If you haven't already, you'll want to read Revisiting Matrix Multiplication, Part I before proceeding.

I've posted the result from the first 2 No-Prizes inline in the original post, with the spoilers being hidden.

A Most Significant Difference

As anyone who read through the wikipedia article on Z-order curves for spoilers can tell you, it turns out we don't have to actually interleave the bits if all we want is the ability to compare two keys as if they had been interleaved.

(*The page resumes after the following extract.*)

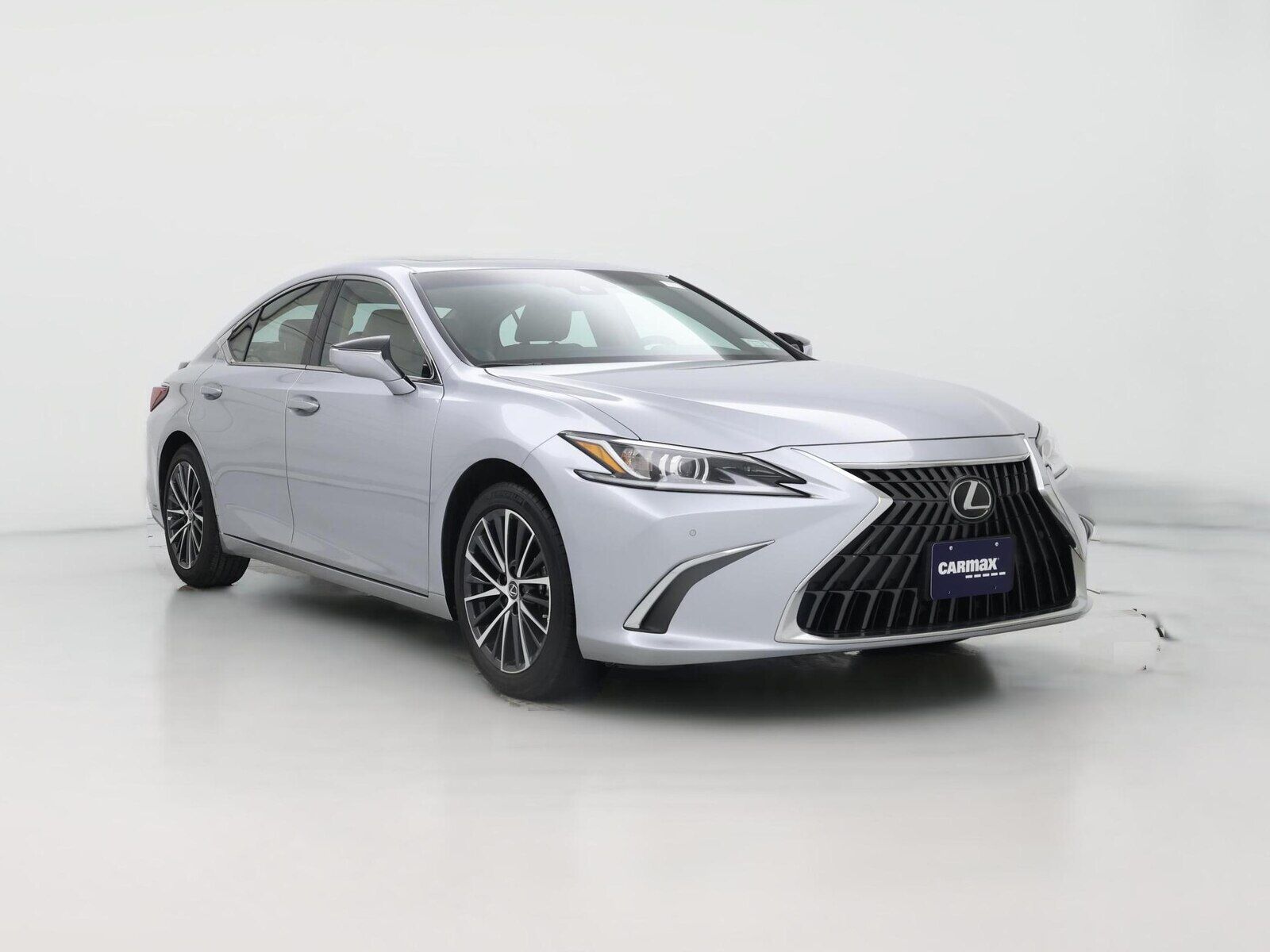 2025 LEXUS ES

What we need to know is where the most significant difference between them occurs.

Given two halves of a key we can exclusive or them together to find the positions at which they differ.

I'll call the mask with only the most significant bit (msb) of this mask set their "most significant difference" (msd) and that position as indicating the "critical bit" if it exists.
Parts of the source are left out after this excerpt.